Task objective
Write out, please, each line from the one containing "Спортивная форма Майка +шорты" to the final line of the data, both included, exactly and without pictures.

Collected data
#####

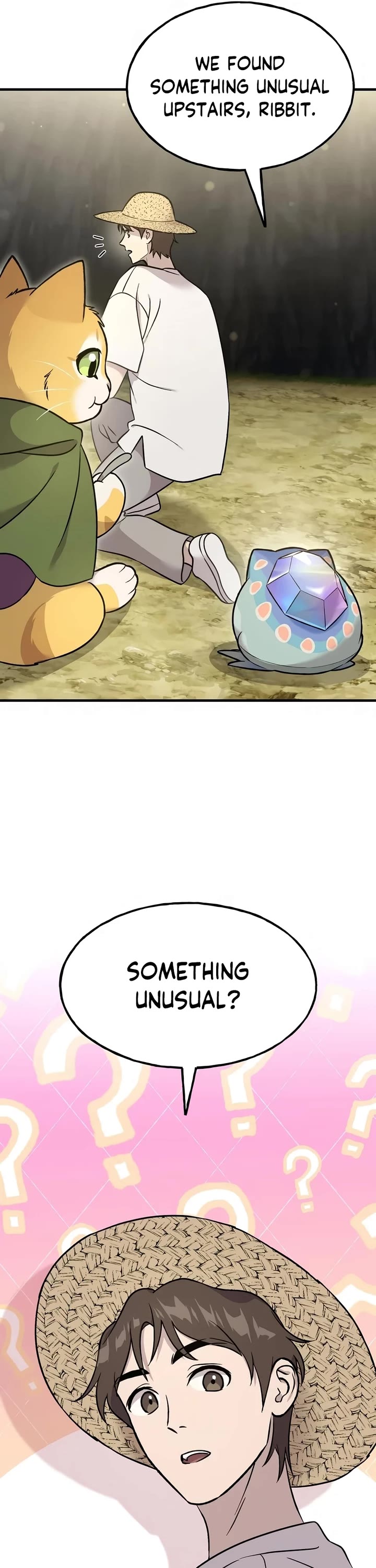 Solo Farming in the Tower chapter 105 page 56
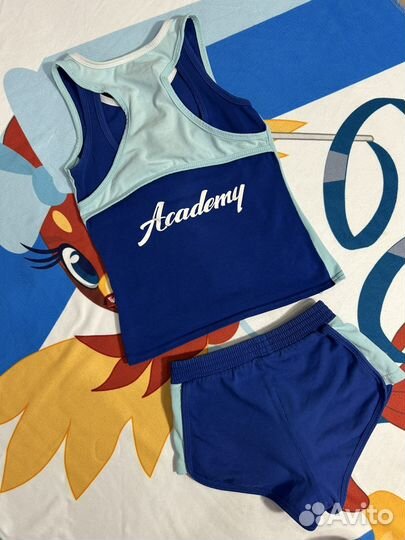 Спортивная форма Майка +шорты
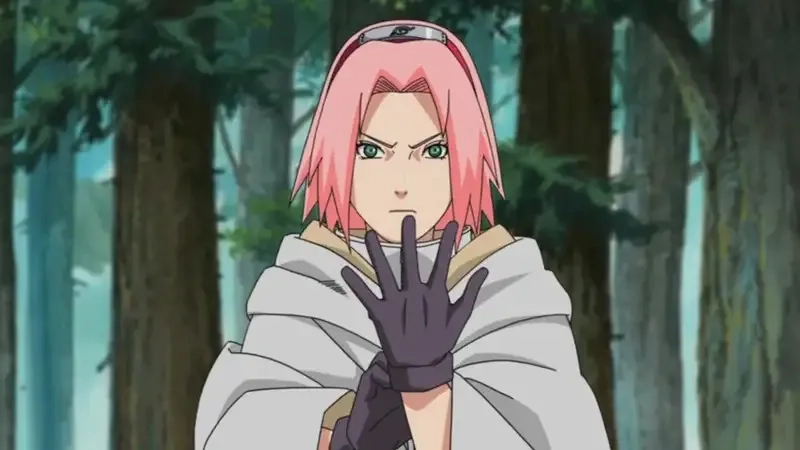 Tải ngay sakura haruno avatar chất lượng cao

#####

Written solution
 Спортивная форма Майка +шорты
 Tải ngay sakura haruno avatar chất lượng cao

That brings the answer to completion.